Importing created module for web scraping with bs4 - Truman - Sep-05-2018

module that I made:
<!DOCTYPE html>
<html><head><title>The Dormouse's story</title></head>
<body>
<p class="title"><b>The Dormouse's story</b></p>
 
<p class="story">Once upon a time there were three little sisters; and their names were
<a href="http://example.com/elsie" class="sister" id="link1">Elsie</a>,
<a href="http://example.com/lacie" class="sister" id="link2">Lacie</a> and
<a href="http://example.com/tillie" class="sister" id="link3">Tillie</a>;
and they lived at the bottom of a well.</p>
 
<p class="story">...</p>
web scraping script:
import ht_doc
from bs4 import BeautifulSoup
soup = BeautifulSoup(ht_doc.html, 'html.parser')
print(soup.prettify())
error:
Error:
C:\Python36\kodovi>busoup.py Traceback (most recent call last): File "C:\Python36\kodovi\busoup.py", line 1, in <module> import ht_doc ModuleNotFoundError: No module named 'ht_doc'
Decided to practise Beautiful Soup module and hit a snag at the beginning. Wall Why I can't import ht_doc module?


RE: Importing created module for web scraping with bs4 - metulburr - Sep-06-2018

you dont import the html doc. IF you are writing the html in the same file as the code, you can just save the content in a variable and put it in like

html = '''
<!DOCTYPE html>
<html><head><title>The Dormouse's story</title></head>
<body>
<p class="title"><b>The Dormouse's story</b></p>
  
<p class="story">Once upon a time there were three little sisters; and their names were
<a href="http://example.com/elsie" class="sister" id="link1">Elsie</a>,
<a href="http://example.com/lacie" class="sister" id="link2">Lacie</a> and
<a href="http://example.com/tillie" class="sister" id="link3">Tillie</a>;
and they lived at the bottom of a well.</p>
  
<p class="story">...</p>
'''

...
soup = BeautifulSoup(html, 'html.parser')
...
However if you are obtaining the content from the internet, then you should use the requests module to get the html, and use

...
r = requets.get('https://www.google.com')
soup = BeautifulSoup(r.text, 'html.parser')
If you have the html in a file, then you would have to load that html file like any other standard file and pass BeautifulSoup the whole file via fileObject.read()

more info here at our tutorials
https://python-forum.io/Thread-Web-Scraping-part-1


RE: Importing created module for web scraping with bs4 - Truman - Sep-06-2018

Thank you, had no idea that I can't use html file as module. Will create a variable.
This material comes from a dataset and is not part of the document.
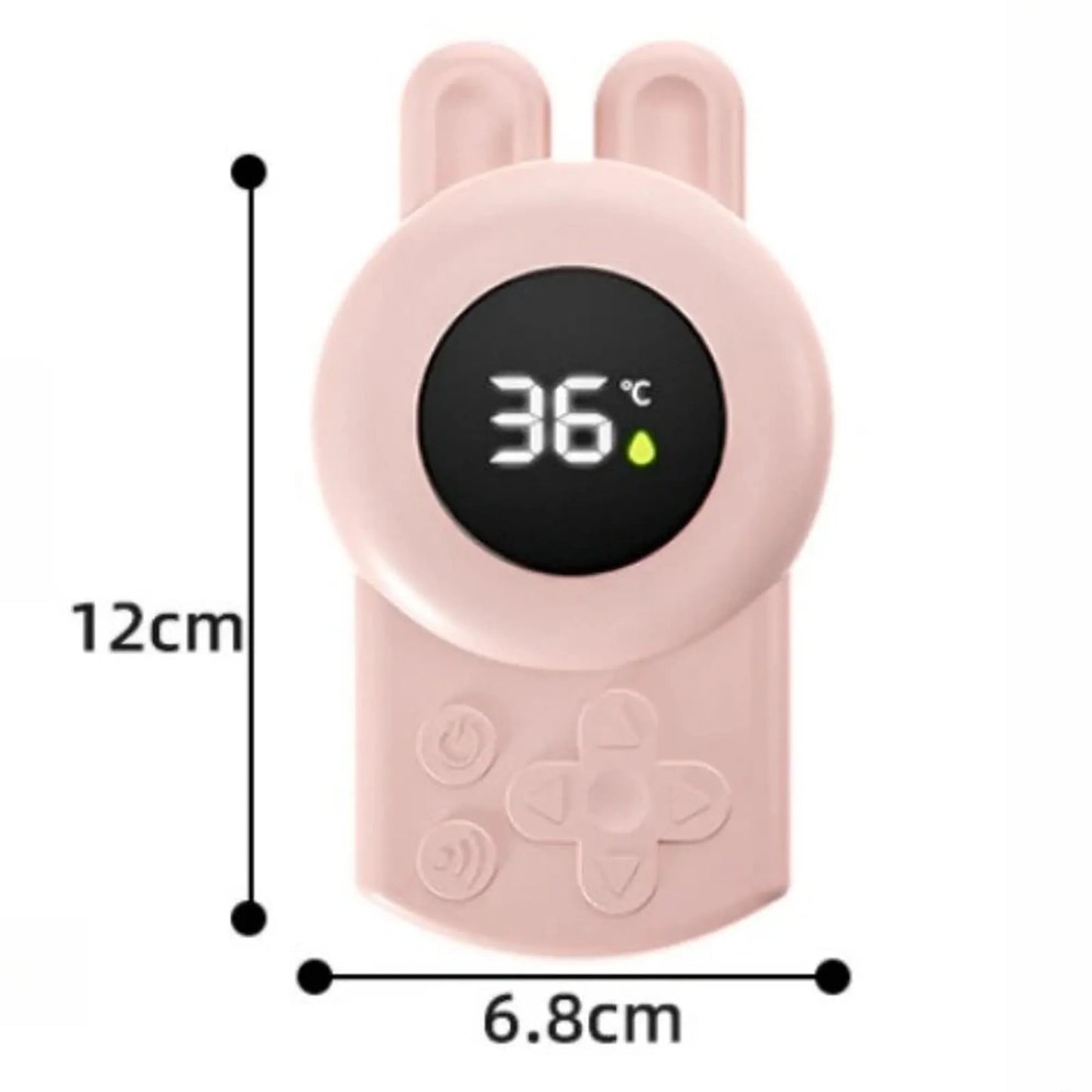 Pink digital bath thermometer with bunny ears, displaying 36°C, and game controller buttons.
RE: Importing created module for web scraping with bs4 - Truman - Sep-07-2018

here is an another way to import html file:

with open("htmll.html") as fp:
	soup = BeautifulSoup(fp)
	print(soup.prettify())



RE: Importing created module for web scraping with bs4 - snippsat - Sep-07-2018

(Sep-07-2018, 09:03 PM)Truman Wrote: here is an another way to import html file:
Have to be careful with encoding doing this.
Both on how get html from web(save) and open it.
It's easy to mess up Unicode,so try use UTF-8 always in and out.
with open("htmll.html", encoding=utf-8) as fp:
    soup = BeautifulSoup(fp, 'lxml')
    print(soup.prettify())
Requests and BS do this well together,i explain better here Reading a html file.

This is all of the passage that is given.